As a detective, I learned that sometimes patience is the best way to break a case. Sure, charging in and busting heads on TV shows is great for ratings, but I had more success digging, asking questions, and waiting. Someone always talked sooner or later, or new information found its way to daylight.
Starting Rampone Protection Service was partially the result of my poorly planned exit from the police department, a tad bit of luck, and a big push from my partner, Jamie Kelly. A friend of mine wanted to retire from keeping an eye on Bruce Willis, so when he heard I quit police work and was interested in the personal protection, he called. He said I would be a shoe-in if I wanted the gig.
“I’ve already talked you up,” Doug told me over the phone.
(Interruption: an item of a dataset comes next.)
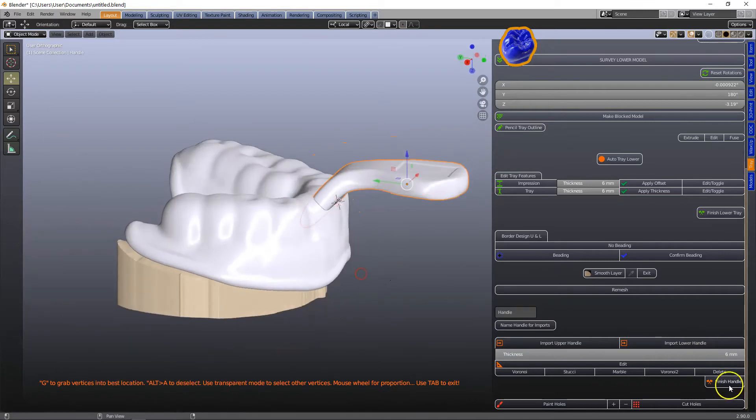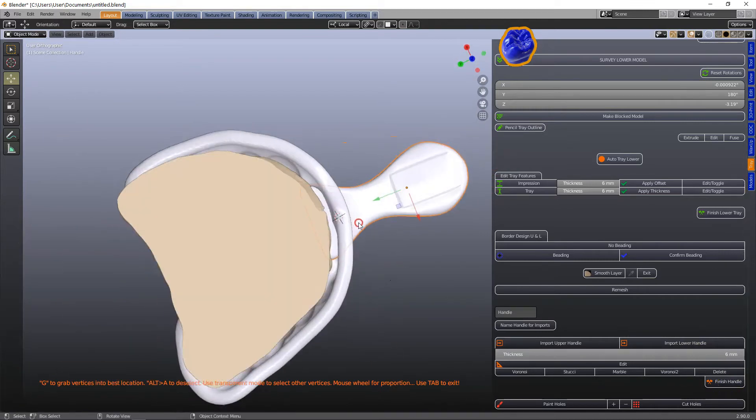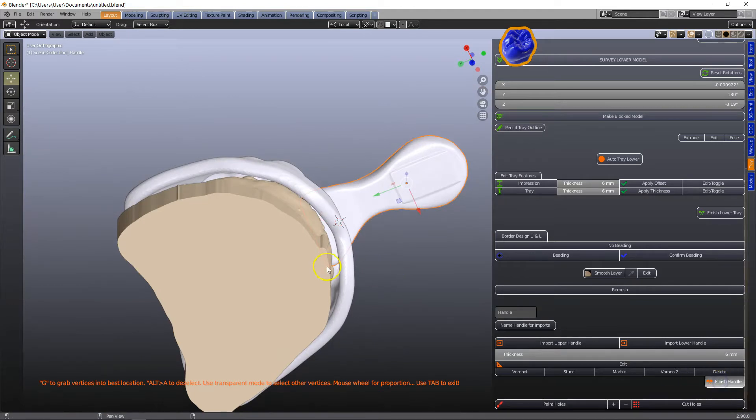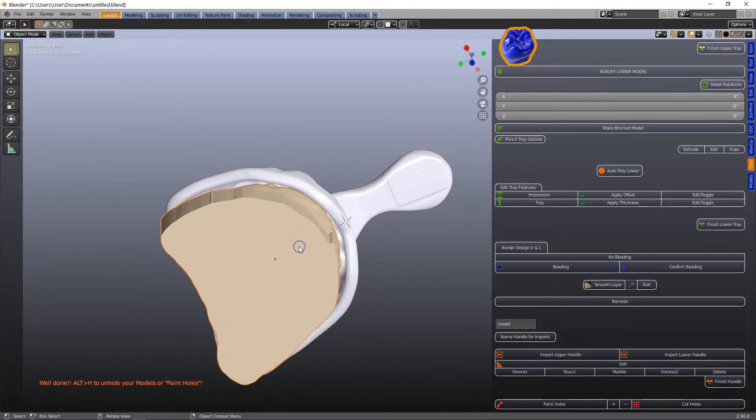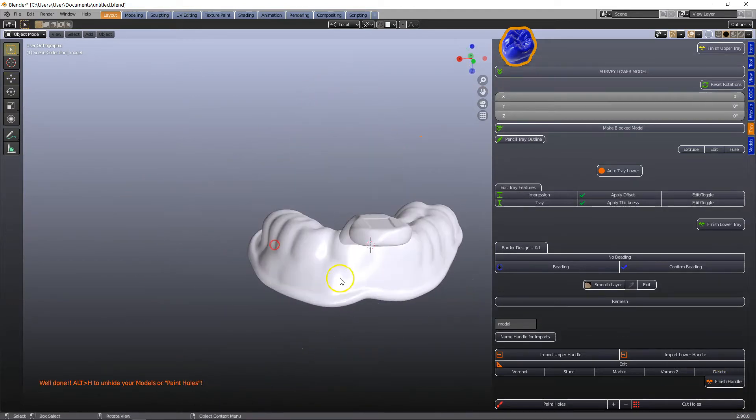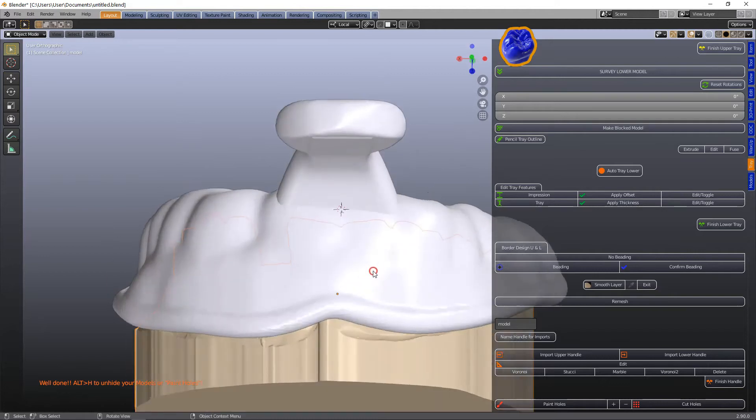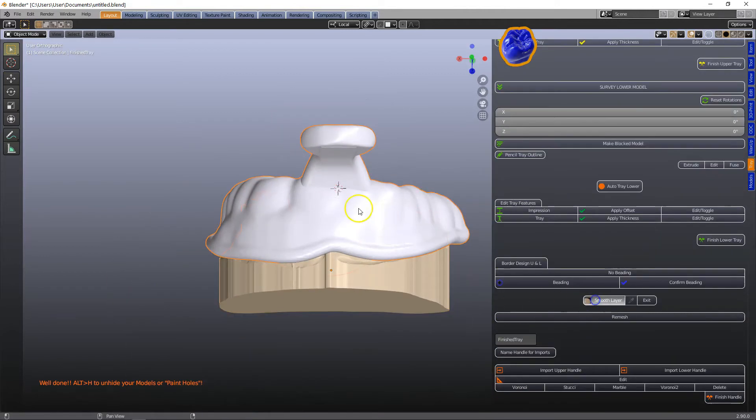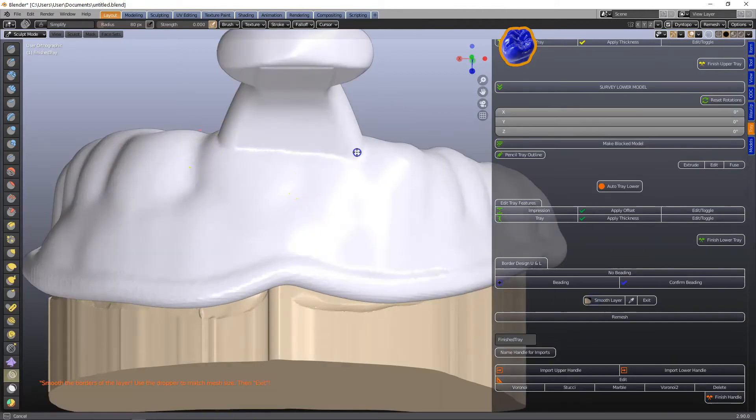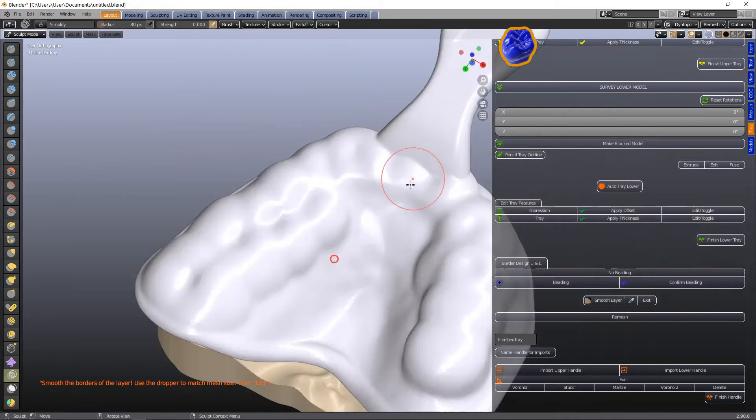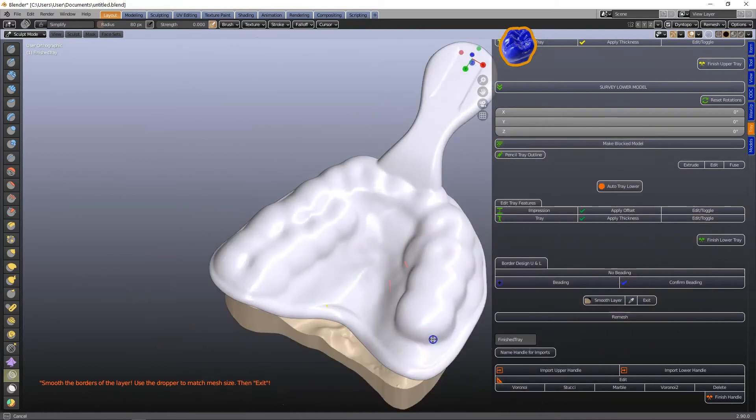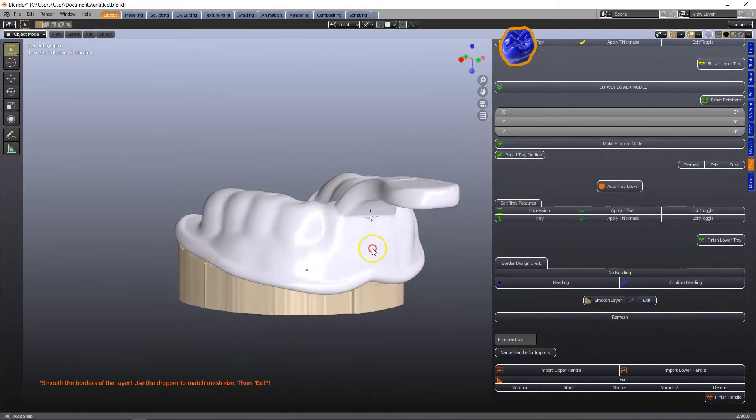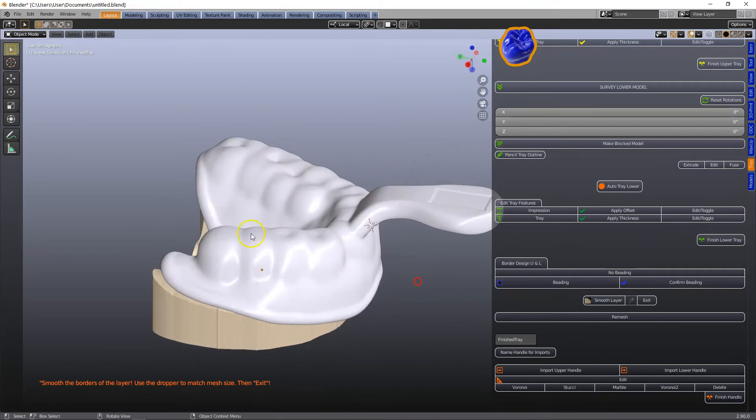Note that the tray extrudes through the handle but when we click on finish handle it will cut it off. Following this we can smooth that even more. It's not mandatory to do this but if you want to be precise you can do it and then exit.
“Maybe you should have asked if I was interested, first.”
“Yeah, maybe. But what’s done is done. I wouldn’t trust anyone else, and you know that. Besides, your partner did call me first. She made it sound like you’d be happy for the work.”
“Ah. I see.”
Doug was and still is a good talker. Next thing I knew, I was rubbing elbows with Bruce and Demi’s kids, Tom Hanks, and Arnold Schwarzenegger. And shortly after that, I went from rubbing elbows to running security systems and watching perimeters in the cold and planning for security breaches that probably would never happen.